▶ [Data extract]
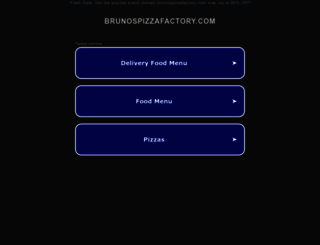 brunospizzafactory.com screenshot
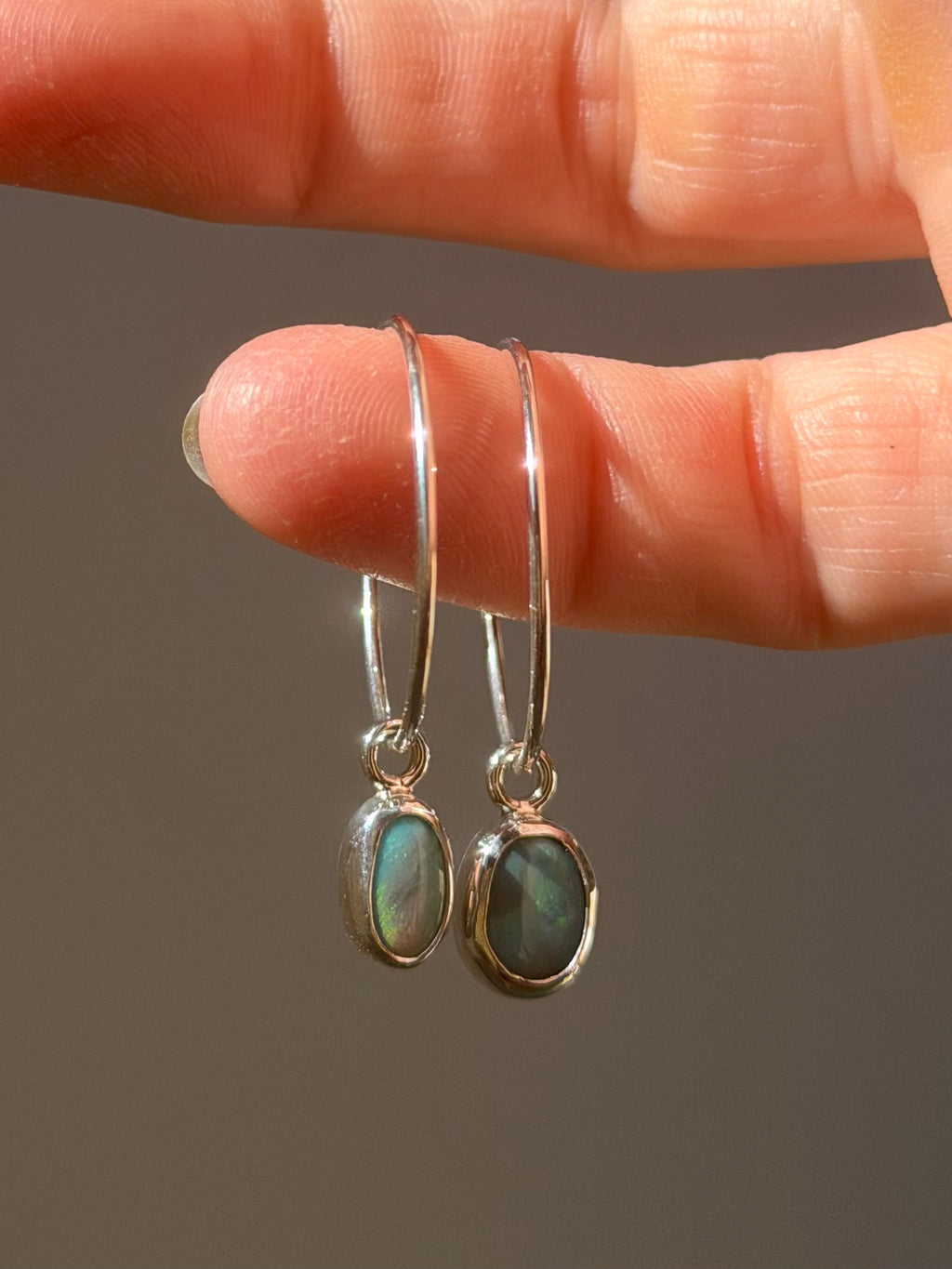 Lighting ridge opal earrings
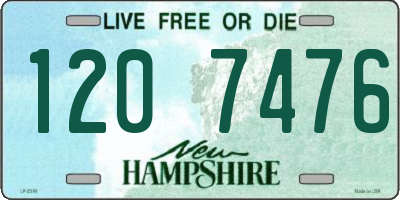 NH license plate 1207476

▶ [What is required] The output is to be the material in full and unaltered, with pictures omitted.

▶ [Response for this exercise]
 brunospizzafactory.com screenshot
 Lighting ridge opal earrings
 NH license plate 1207476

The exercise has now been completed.